═════ DATA EXTRACTS

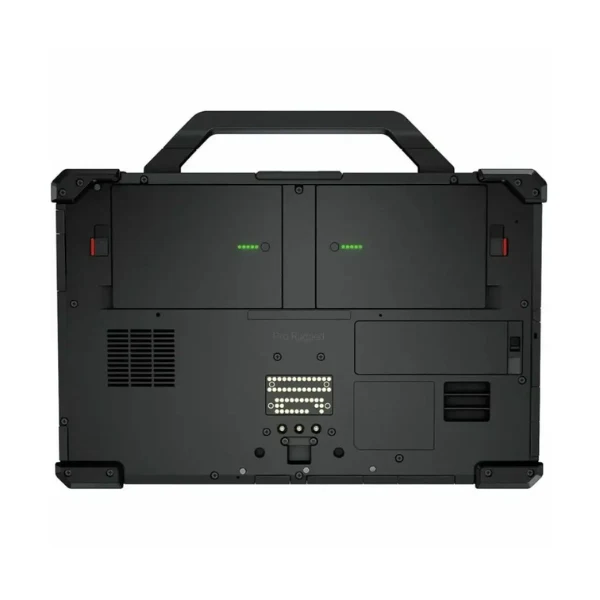 Laptop Dell Pro Rugged 14 Intel Core Ultra 7 Series 1 16GB RAM 512GB SSD 14" Intel Graphics Black - Image 8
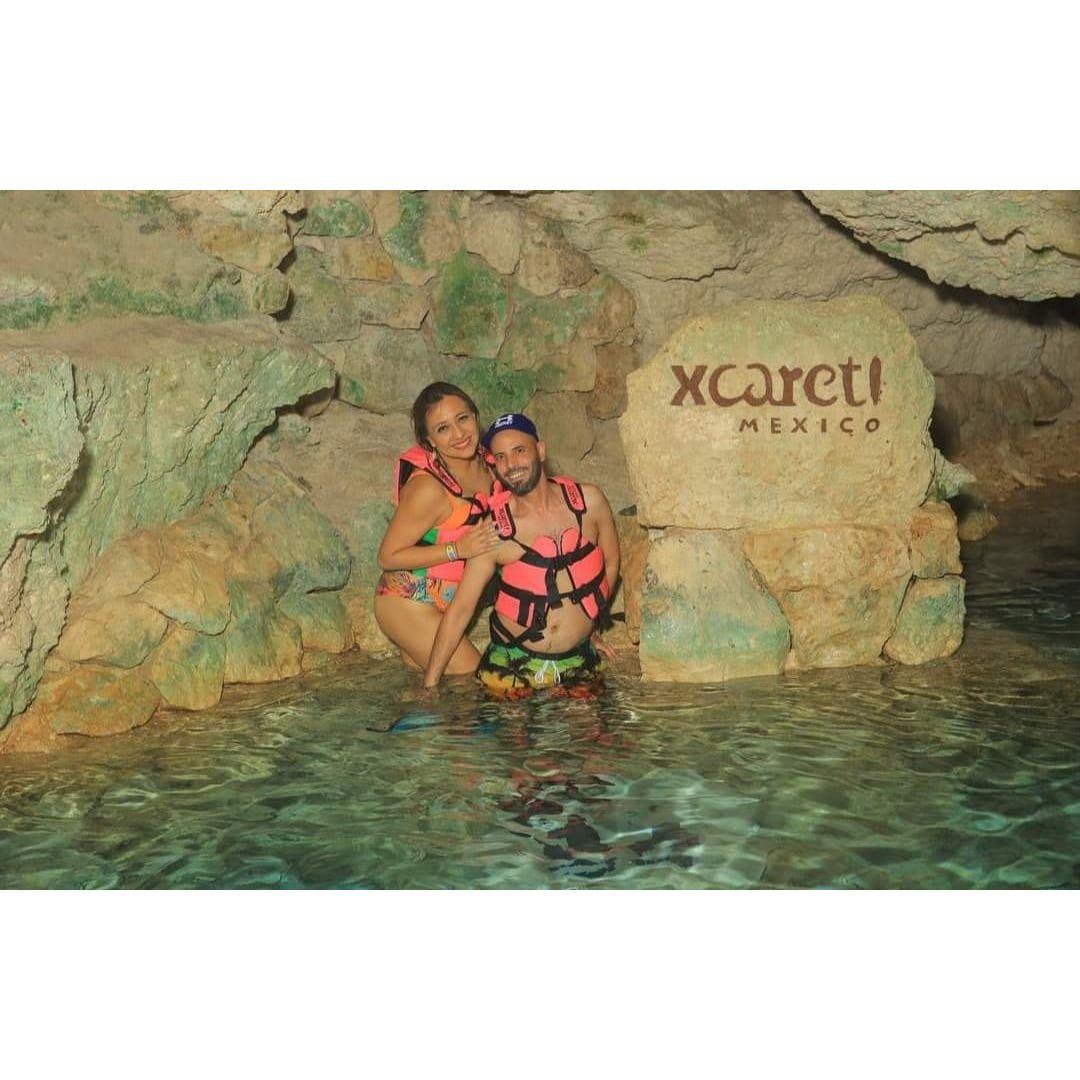 Xcaret Cancun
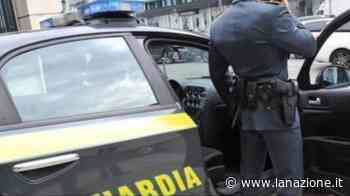 Da Prato a Torino: scoperta una stamperia clandestina del lusso - LA NAZIONE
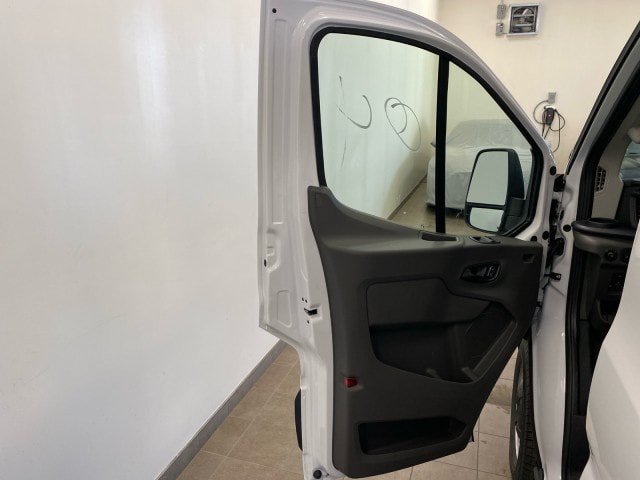 New 2024 Ford Transit 250 Low Roof RWD image 10
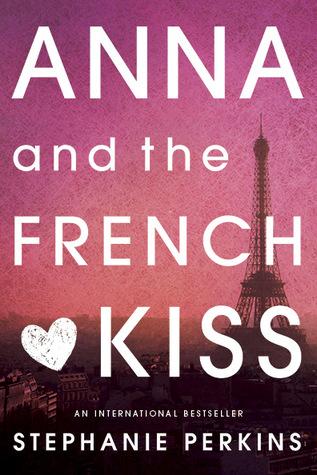 Review time: Anna and the French Kiss di Stephanie Perkins
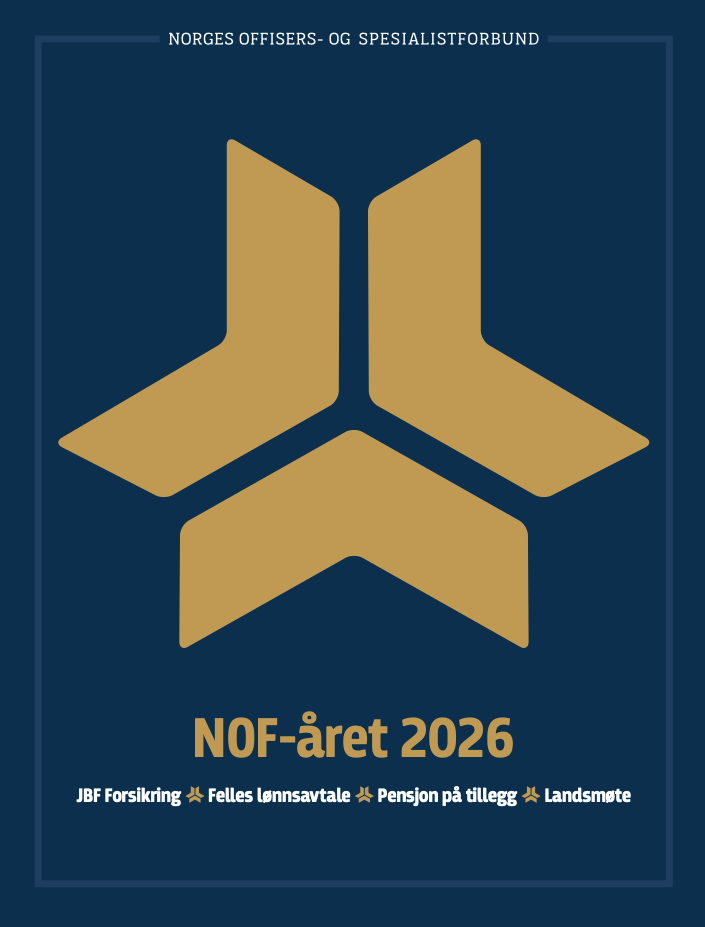 Bilde relatert til informasjonen.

══════════

Every record is to be repeated exactly, and no picture is carried over.

 Laptop Dell Pro Rugged 14 Intel Core Ultra 7 Series 1 16GB RAM 512GB SSD 14" Intel Graphics Black - Image 8
 Xcaret Cancun
 Da Prato a Torino: scoperta una stamperia clandestina del lusso - LA NAZIONE
 New 2024 Ford Transit 250 Low Roof RWD image 10
 Review time: Anna and the French Kiss di Stephanie Perkins
 Bilde relatert til informasjonen.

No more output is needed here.